How to Use Huggingface Models Offline

Rifat Business Sep 19, 2024

As the world becomes increasingly digital, the demand for high-quality content has never been greater. Fortunately, advancements in natural language processing (NLP) have given rise to powerful AI-driven writing tools, such as those developed by Hugging Face. But what if you need to utilize these models offline?
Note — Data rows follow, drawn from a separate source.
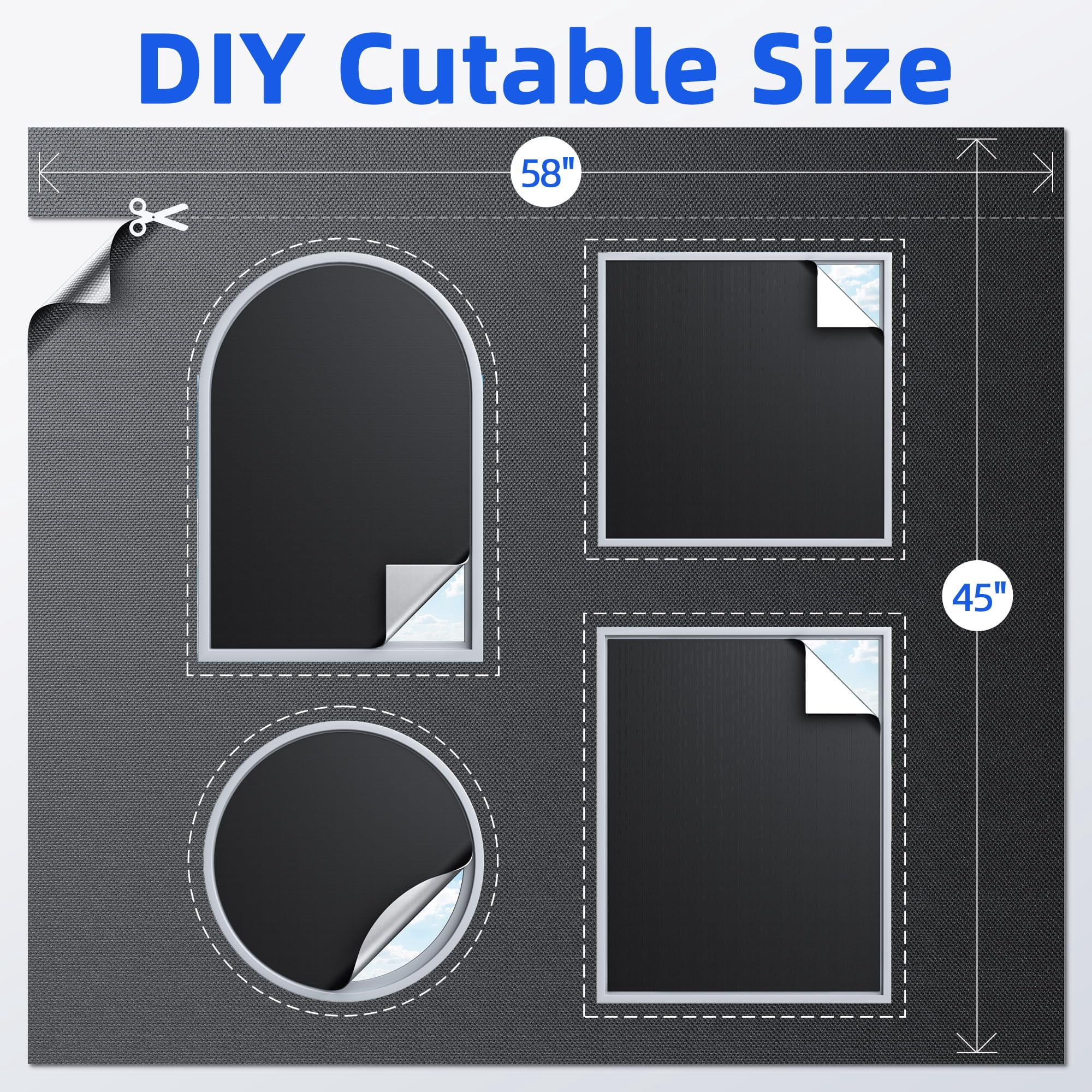 Magnetic Blackout Window Cover with Strong Magnets – 45" x 58" Portable Blackout Curtains for Bedroom, No Drill Black Out Blinds & Temporary Black Out Shades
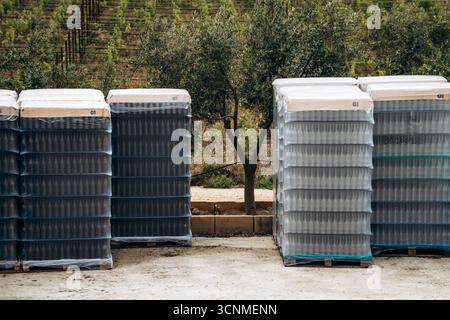 Ta’ Qali, Malta – April 14, 2025: Stacks of empty wine bottles wrapped in plastic at a vineyard production site in Ta’ Qali, with olive trees and vine Stock Photo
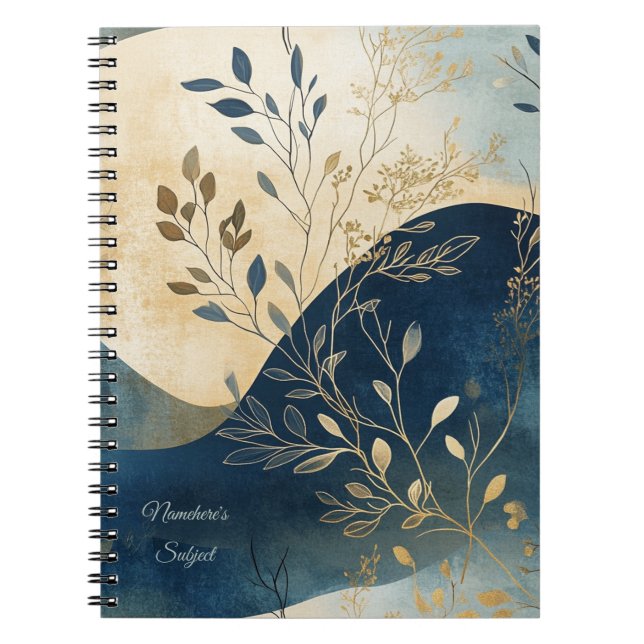 Cuaderno Create Your Own Wavy Blue Floral Minimalist (Frente)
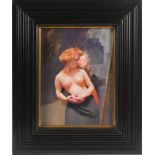 Robert Lenkiewicz (1941-2002), oil on board of Tina ?, framed and glazed, overall size 58.5cm x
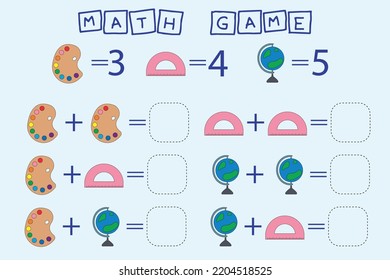 counting game with colorful school suppliers . Preschool worksheet, kids activity sheet, printable worksheet
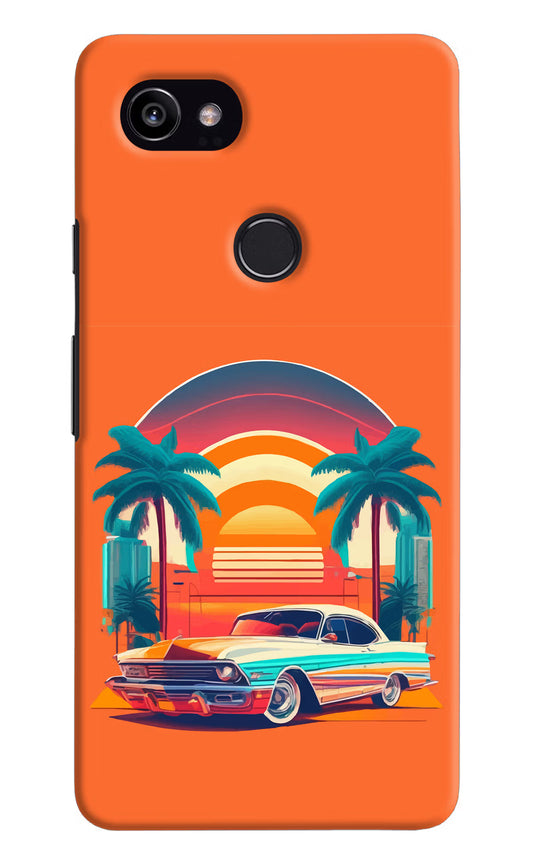 Palm Drive 80s Google Pixel 2 XL Hard Case Back Cover by Casekaro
Fear not, as we'll explore how to leverage Hugging Face models without an internet connection.

Offline access to Hugging Face's cutting-edge language models opens up a world of possibilities. Whether you're working in remote locations, dealing with unreliable internet connectivity, or simply prioritizing data privacy, the ability to run these models locally can be a game-changer. By understanding how to deploy Hugging Face models offline, you can unlock new levels of efficiency, flexibility, and control in your content creation process.

In this blog post, we'll dive into the practical steps you can take to harness the power of Hugging Face models offline. From model deployment to seamless integration with your existing workflows, you'll learn how to maximize the potential of these advanced NLP tools, even when an internet connection is not readily available. Prepare to elevate your content creation game and stay ahead of the curve in the ever-evolving world of digital marketing and communication.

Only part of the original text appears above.